DIRECTIONS: Take the lines from the one containing "2015 Toyota Prius" through the end of the material and write them out exactly, omitting pictures.
* * *
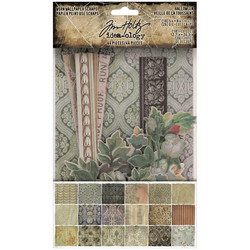 Tim Holtz Idea-Ology Worn Wallpaper Scraps -pakkaus, Halloween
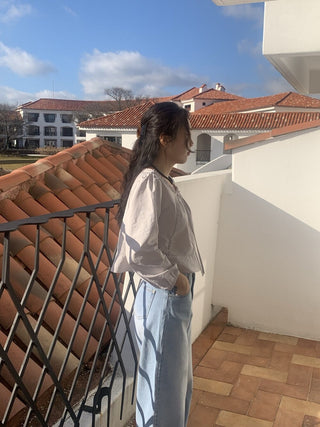 Lace Collar Puff Sleeve Shirt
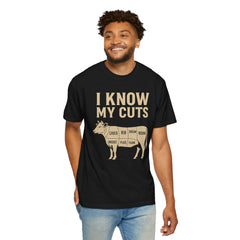 Funny Cow Cuts Unisex T-Shirt - Gift for Meat Lovers, BBQ Parties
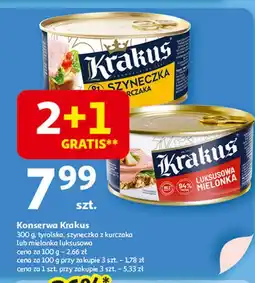 Auchan Mielonka luksusowa wieprzowa Krakus Animex oferta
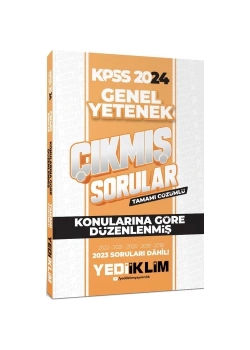 Kpss 2024 Gy 2018-2023 Çıkmış Çözümlü Sorular  Yediiklim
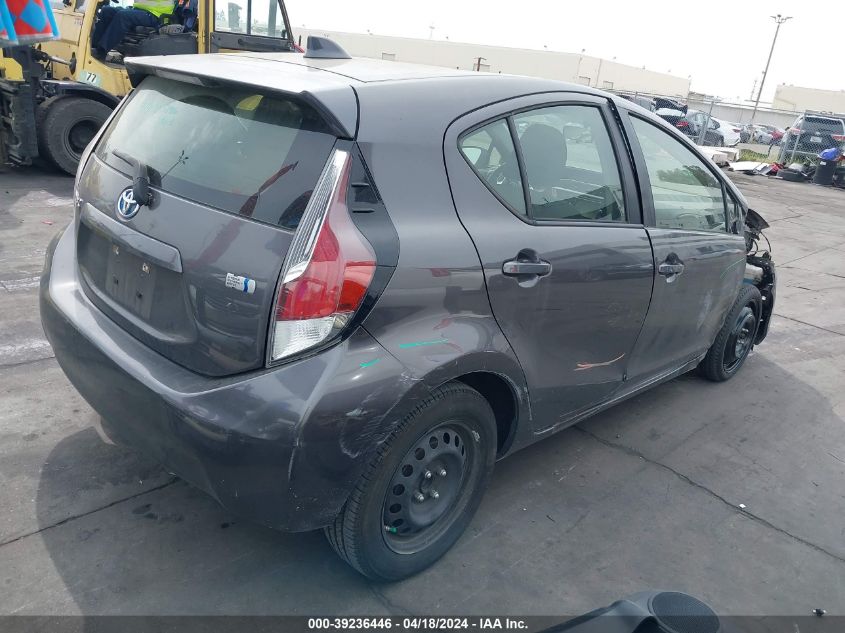 2015 Toyota Prius C Two VIN: JTDKDTB36F1111032 Lot: 11960595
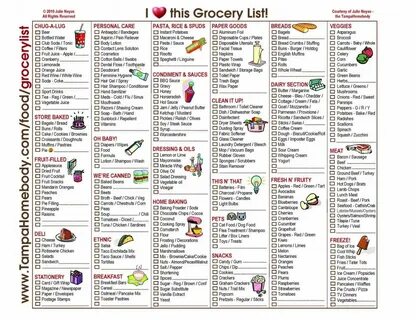 Food shopping list, Grocery list printable, Grocery list pri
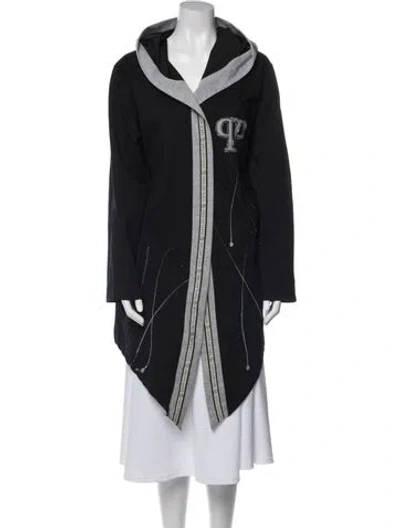 Pre-owned Philipp Plein Colorblock Pattern Jacket In Black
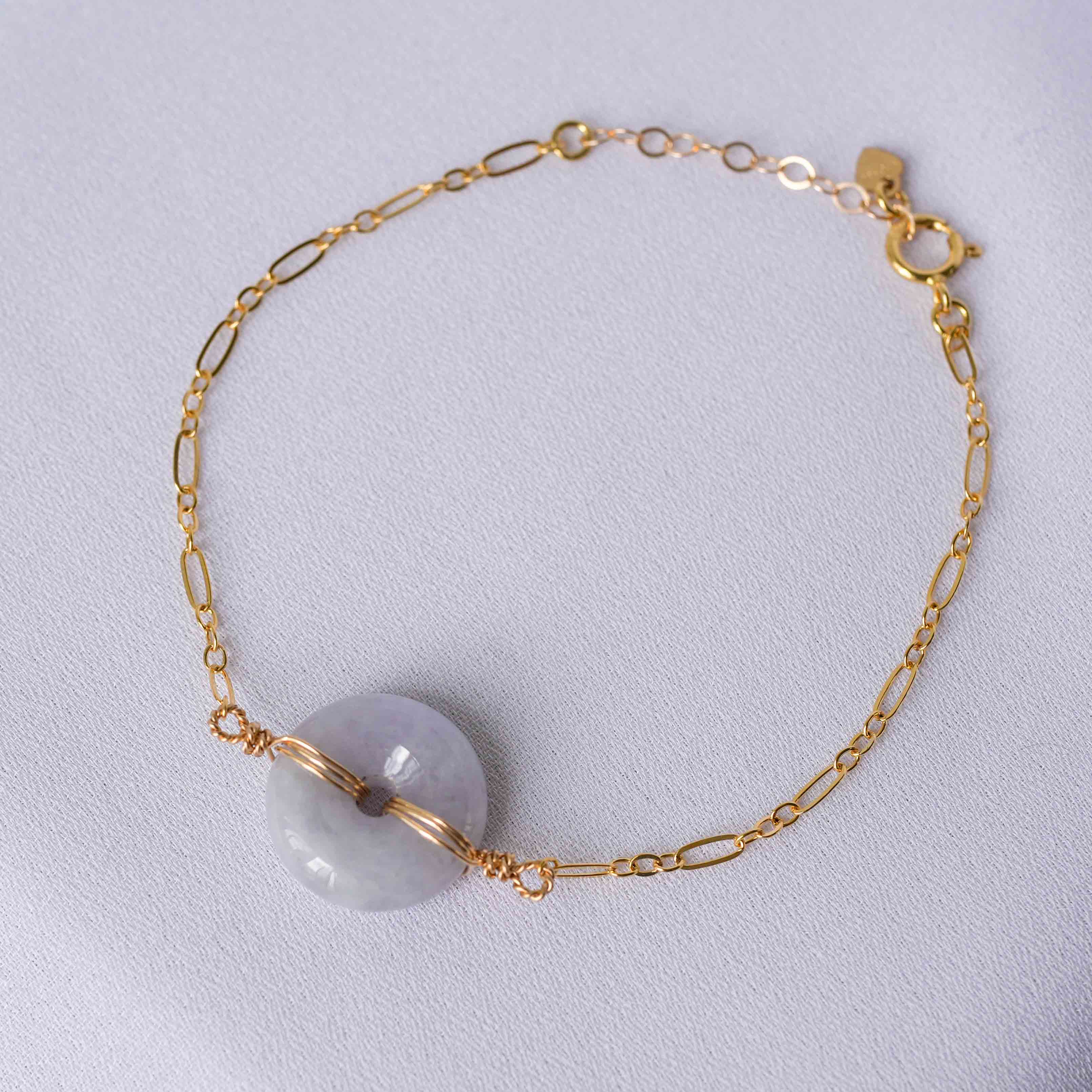 Lavender Jade Donut Chain Bracelet – JL Heart Online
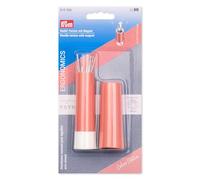 Prym 610266 Needle Twister with Sewing and Darning Needles, Magnetic Needle Holder for Storage, Needle Dispenser with 19 Sewing Needles and Darning Needles, Apricot
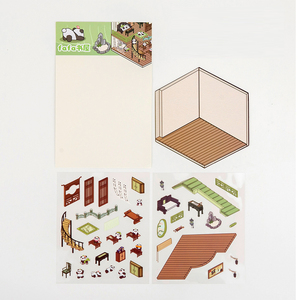 Pegatinas de escena para mejorar la capacidad práctica de los niños, pegatinas 3D, pegatinas de escena tridimensionales - Product Image 6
* * *
RESPONSE TO THIS TASK:
 2015 Toyota Prius C Two VIN: JTDKDTB36F1111032 Lot: 11960595
 Food shopping list, Grocery list printable, Grocery list pri
 Pre-owned Philipp Plein Colorblock Pattern Jacket In Black
 Lavender Jade Donut Chain Bracelet – JL Heart Online
 Prym 610266 Needle Twister with Sewing and Darning Needles, Magnetic Needle Holder for Storage, Needle Dispenser with 19 Sewing Needles and Darning Needles, Apricot
 Pegatinas de escena para mejorar la capacidad práctica de los niños, pegatinas 3D, pegatinas de escena tridimensionales - Product Image 6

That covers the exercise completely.